Data provided:

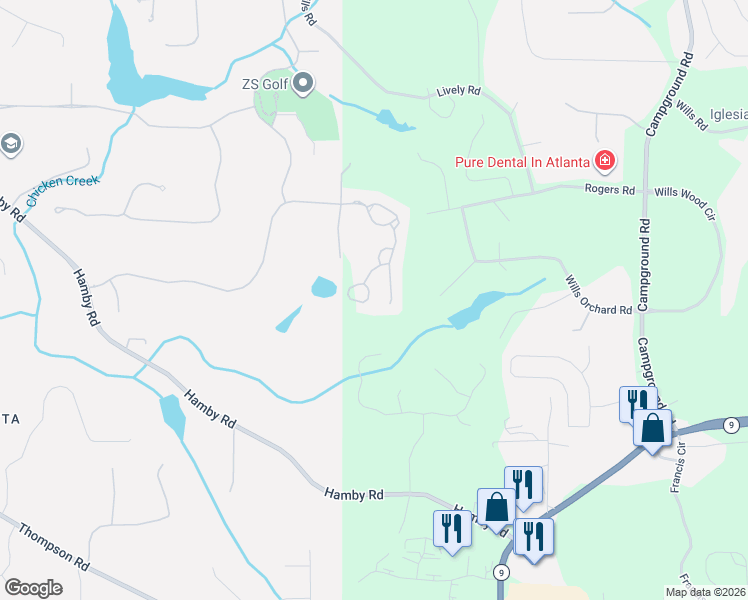 map of restaurants, bars, coffee shops, grocery stores, and more near 5061 Kings Close in Alpharetta
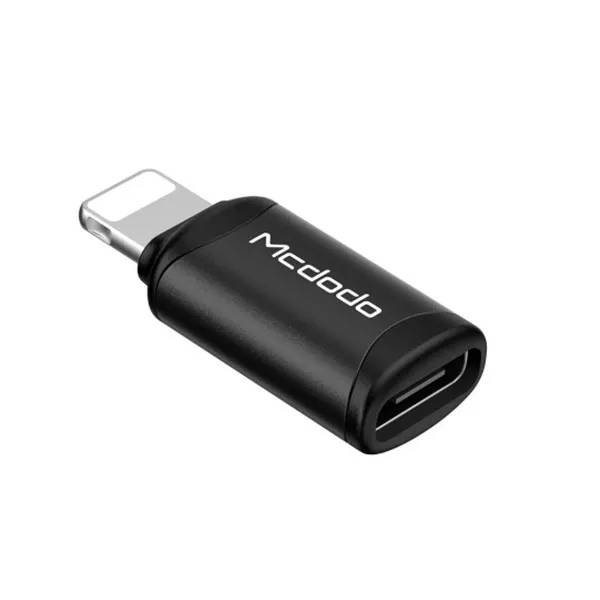 McDodo OT7680 Type-C to Lightning Adapter Connector Black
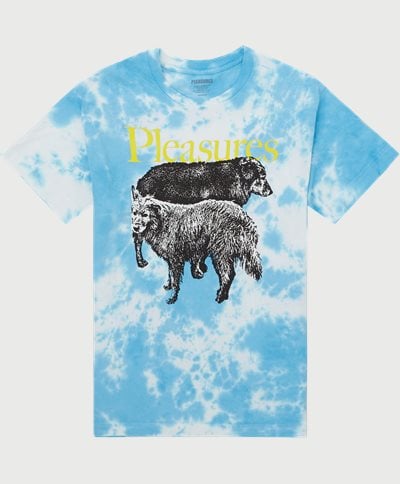 Pleasures T-shirts WET DOGS Blue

What you should do: Exclude every image and return the material above exactly.

Answer to this task:
 map of restaurants, bars, coffee shops, grocery stores, and more near 5061 Kings Close in Alpharetta
 McDodo OT7680 Type-C to Lightning Adapter Connector Black
 Pleasures T-shirts WET DOGS Blue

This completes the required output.